En el taller ubicado en la calle que hoy luce su nombre se esbozó en papel y cemento el trabajo que los duques de Montpensier, quienes residían en San Telmo, le encargaron. Un conjunto de doce figuras que se disponen en la balaustrada de la puerta de coches del palacio, frente al Hotel Alfonso XIII, y representan a personajes notables de Sevilla, desde los pintores Murillo y Velázquez al dramaturgo Lope de Rueda o el militar Rodrigo Ponce de León y Bartolomé de la Casas, fraile, escritor y cronista defensor de los indígenas en el descubrimiento.

Velázquez y el general Daoíz

Una escultura está en la Plaza del Duque y la otra en la Gavidia, zonas de paso donde todo es prisa, rutina y anteojera. Por eso no son muchos los que se paran a verlas. La primera, donde se representa al pintor barroco con el gesto firme de quien se enfrenta a un lienzo, data del año 1892. Susillo se basó en el autorretrato de Las Meninas para crearlo. Las púas lo protegen ahora de la amenaza ácida de las palomas y el lema «Al pintor de la verdad» reza bajo el pedestal. Como curiosidad, cabe mencionar que el pincel fue robado en el 98 y se tuvo que reponer.

Monumento de Velázquez
Monumento de Velázquez - Vanessa Gómez

Quien da un paso al frente con espíritu combativo y cargado de valentía es el general Luis Daoíz, que saca el pie derecho de la base sobre la que se levanta. Parece contener el aire durante unos segundos y fundirse así para los restos, con un papel arrugado en el puño. A los laterales, unos relieves narran la lucha del militar contra los franceses y su posterior muerte, el día 2 de mayo de 1808.

Miguel de Mañara

A partir de una figura que realizó para el palacio de San Telmo, años más tarde, se configuró esta otra en los jardines del Hospital de la Caridad, del que Mañara fue su gran impulsor. Estamos, por tanto, ante su obra póstuma. Y en ella, Miguel de Mañara sostiene entre sus brazos a un pobre que ha recogido de la calle. Era la Sevilla de los contrastes más crueles.

Cristo de las Mieles

La cruz es de madera pero el cuerpo de bronce. El metal pesado de la agonía descansa junto a los restos mortales del escultor sevillano.

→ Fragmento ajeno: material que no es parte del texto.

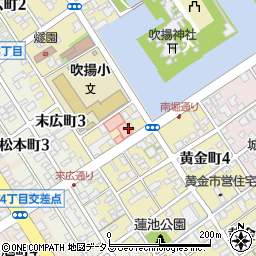 美須賀病院周辺の地図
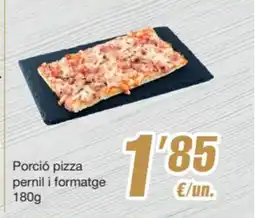 SPAR Fragadis Porció pizza pernil i formatge oferta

El mismo lugar. El mismo espacio fúnebre donde autor y pieza tienen cabida. Los visitantes lloran y recuerdan lo perdido y el Cristo custodia a quien le firma. Un colofón taciturno y perfecto a una vida protagonizada por sus conflictos internos. Los peores.

Cristo de las Mieles, cementerio de San Fernando
Cristo de las Mieles, cementerio de San Fernando

Antonio Susillo aúna tendencias y plasma rostros con un marcado carácter psicológico. Quiere, como antes hiciera Velázquez en sus cuadros, esculpir la verdad. Talla en hexasílabos lo inabarcable. El gesto. Y nos deja con la miel que da su Cristo entre los labios al acercarnos a su obra. La Sevilla de Susillo es un viaje que escapa de lo terrenal y busca en el barro la eternidad que otros no encontraron. Lo sublime. Lo elevado. La verdad.